Even the smell of the dry leaf gives me cavities. I actually pulled out a misshapen lump of purple sugar about an inch long when I opened the bag. A candied violet gone wrong, I presume. The tea itself has some lovely notes of rose, violet, cinnamon and almonds… but it’s all buried under a thick layer of tooth-aching sugar. This is without me adding ANYTHING to it. I couldn’t even finish my cup.
If I want a cookie tea, I’ll stick to Cha Yen Thai. This one isn’t even getting a second chance.
Oh… Oh my. Color me pleasantly surprised. Looking at the ingredients list I had been all prepared for another snarky “Oh look, it’s another Teavana candy-tea” review. And as most Teavana teas are, it is very sweet. Open the package and the scent of an almond cookie wafts right out.
But the ingredients are intruiging: pink peppercorns, entire star anise, slivered almonds. Brewed up to a lovely deep amber, it’s like sipping on a delicious almond spice cookie, and I love it. I can see the chai, kind of, and I can see the thai, kind of, but really let’s call a spade a spade. This is a cookie tea, and a tasty, complex and drinkable cookie tea. It’s plenty sweet with no extra sugar needed. I’m enjoying the combination of red and black tea. It makes for very good sipping.

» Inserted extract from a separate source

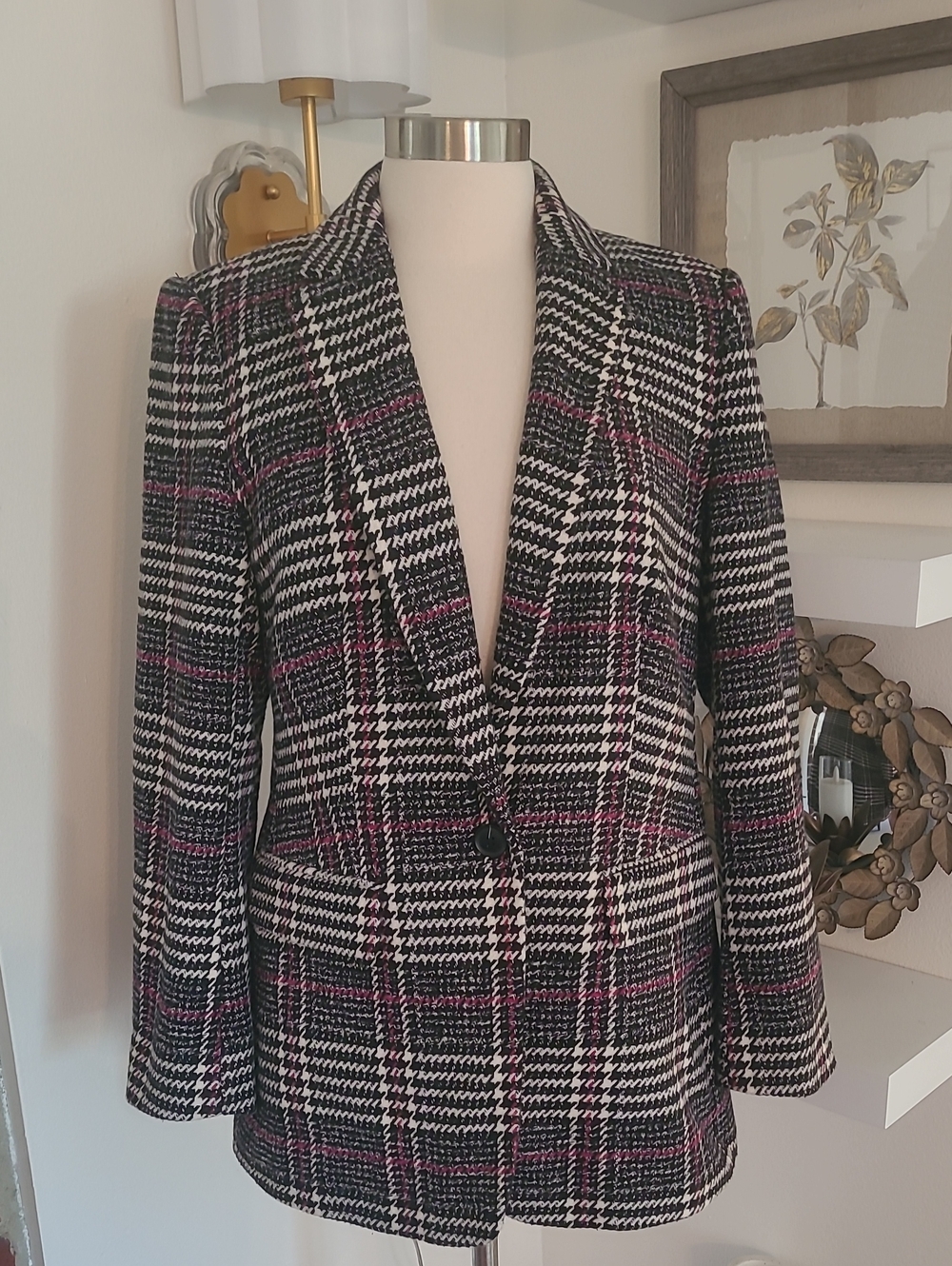 LOFT Black & White Plaid Blazer with Pink Accents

You’ve done right on this one, Teavana. Let’s hope you can make more like this.
This one had a lot of potential to be a Celestial Seasonings Zinger clone, but I was intrigued enough to try it at a steep discount by the inclusion of beetroot and chunks of dried grapefruit. And sure enough, it’s much better than any Zinger. The hibiscus dominates as it tends to do in teas like this, but the citrus is also a prominent player and I believe the beets mellow things out a bit. It’s tart, but not as insanely unbalanced tart as Celestial Seasonings and Tazo go. I don’t think I’m ever going to be over the moon about a citrus hibiscus, but if that’s your kind of thing this is one of the better ones.
I’ve learned to be wary of chocolate teas over the years. They always seem to promise a lot more than they deliver. Republic of Teas chocolate always tastes artificial and waxy, and Teavana knows no restraint when it comes to sweetness.
Enter a sample of this tea. What’s this? Simple black tea with real quality chocolate curls (I may or may not have tasted one straight out of the packet) and a hint of vanilla? No mockolate flavor? Only 3 simple components? Promising!
This might be one of the best chocolate teas I’ve had. It isn’t perfect; there’s a certain dusty aftertaste that I’m not loving. But the chocolate melts into the tea, giving it a smooth and creamy texture, and the tea and chocolate combine wonderfully. This is not hot chocolate masquerading as tea. This is real chocolate-infused tea, and a very balanced one at that.
I’ve found that adding a bit of milk and cream cuts down the dusty/bitter components. Overall, a great tea for dessert.
One thing I love about Zen Tea is that they include the steep times right on the package. I’ve been spared many an over-steeped tea thanks to companies that take that extra step (putting the info up on their website just isn’t the same!).
I was worried that the tea would be a bit cough-syrupy from the very powerful dry leaf smell. Fortunately, that’s not the case at all. The tea retains the cherry smell once steeped, but the taste itself is much more subdued. It’s rather floral, rather grassy, just a bit fruity. Everything is in moderation and it’s very smooth on the palate.
I wish I had ordered more than a tiny packet of this now that I know it doesn’t taste like candy, but c’est la vie. I’ll enjoy what I have and hope that it’s a tea that comes back when they restock.